Setelah lulus ia sempat pindah ke Damshkus dan kembali lagi ke Saudi sebagai penyiar dan penerjemah di radio Saudi Arabia.
“Sebelum kembali ke Saudi, ayah saya menikahi seorang gadis cantik, mama saya,” jelasnya.
Kembali ke Saudi Arabia
Ketika
di Saudi, Nahrawi hidup bahagia dengan keluarganya bahkan dikaruniai
tiga anak. Namun dalam benaknya terbesit keinginan untuk kembali ke
Tanah Air.
“Mengapa ingin kembali ke Indonesia?
Karena saya ingin mati dan dikuburkan di tanah kelahiran saya,” kata
Amirah mengutip dari ayahnya.
Sambil
mempersiapkan segalanya untuk kembali, waktu luangnya di Saudi ia
gunakan untuk belajar qiroat dengan salah satu ulama Al Azhar. Kepadanya
ia membuat metode yang mudah, yang pada saat itu gurunya sangat
terkesan dengan metode yang ia buat. Dan metodenya pun dicetak dan
digunakan sebagai metode pembelajaran di Al Azhar.
Selain
itu ia juga mengembangkan hasil disertasinya yang membahas tentang
aliran syafi’iyah untuk dijadikan buku, karena banyak pihak yang
menginginkannya.
“Saat bukunya dicetak,
percetakanya tidak mau menggunakan nama Al Indunisiy (Indonesia) di
belakang namanya, sebab ditakutkan peminatnya berkurang,” katanya.
Namun
Nahrawi tetap kukuh untuk menggunakan nama Indonesia, urusan terjual
atau tidaknya yang terpenting nama negaranya bisa naik.

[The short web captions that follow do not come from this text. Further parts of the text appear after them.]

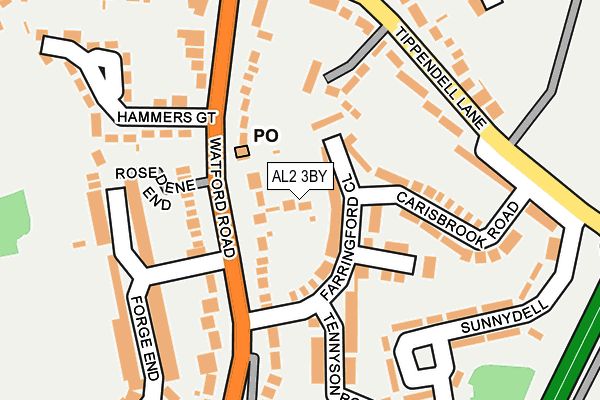 AL2 3BY map - OS OpenMap – Local (Ordnance Survey)
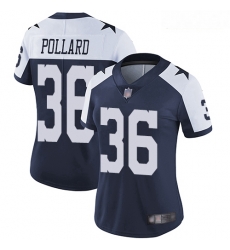 Cowboys #36 Tony Pollard Navy Blue Thanksgiving Women Stitched Football Vapor Untouchable Limited Throwback Jersey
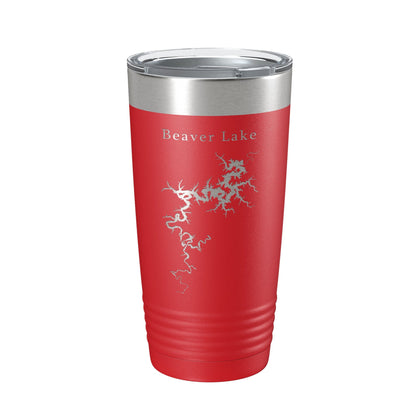 Beaver Lake Map Tumbler Travel Mug Insulated Laser Engraved Coffee Cup Arkansas 20 oz by CarveBright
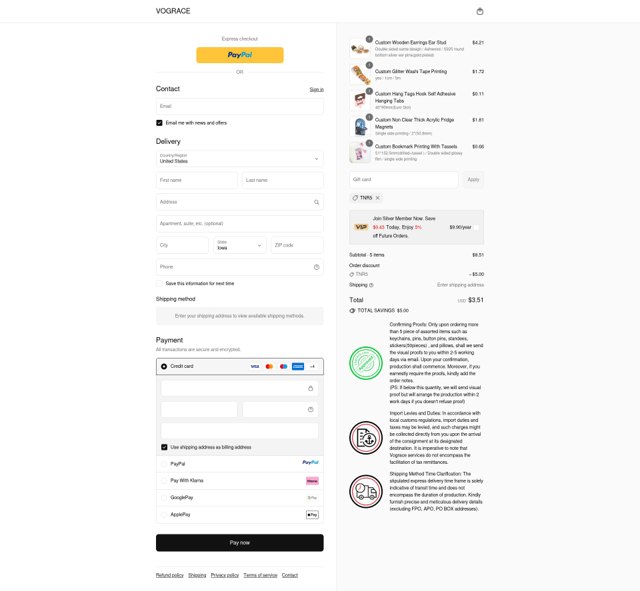 VOGRACE checkout page showing VOGRACE discount code box | Screenshot taken by SimplyCodes community member on Sep 8, 2025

Saking cintanya
pada Indonesia, ia bahkan tidak memikirkan nama kelokalan, seperti Al
Banjari, Al Batawi, dan lain-lain.
Pada cetakan
pertama (1989) terjual habis kurang dari dua bulan, dan ketika ingin
mencetak kembali untuk yang kedua, rumah yang akan disinggahi di
Indonesia sudah siap sehingga ia harus pulang ke Indonesia (1990).
Sebelum
wafat (1999), Selama 9 tahun di Indonesia, waktunya ia habiskan untuk
mengabdi pada masyarakat seperti membuka majelis, mengajar di perguruan
tinggi serta turut aktif dalam organisasi masyarakat seperti PBNU di
mana saat itu ia berkiprah sebagai Anggota Syuriyah PBNU.
Selain
mengabdi pada organisasi kemasyarakatan, ia juga menjadi Dewan Fatwa
Ulama Indonesia Pusat serta aktif dalam dunia perpolitikan.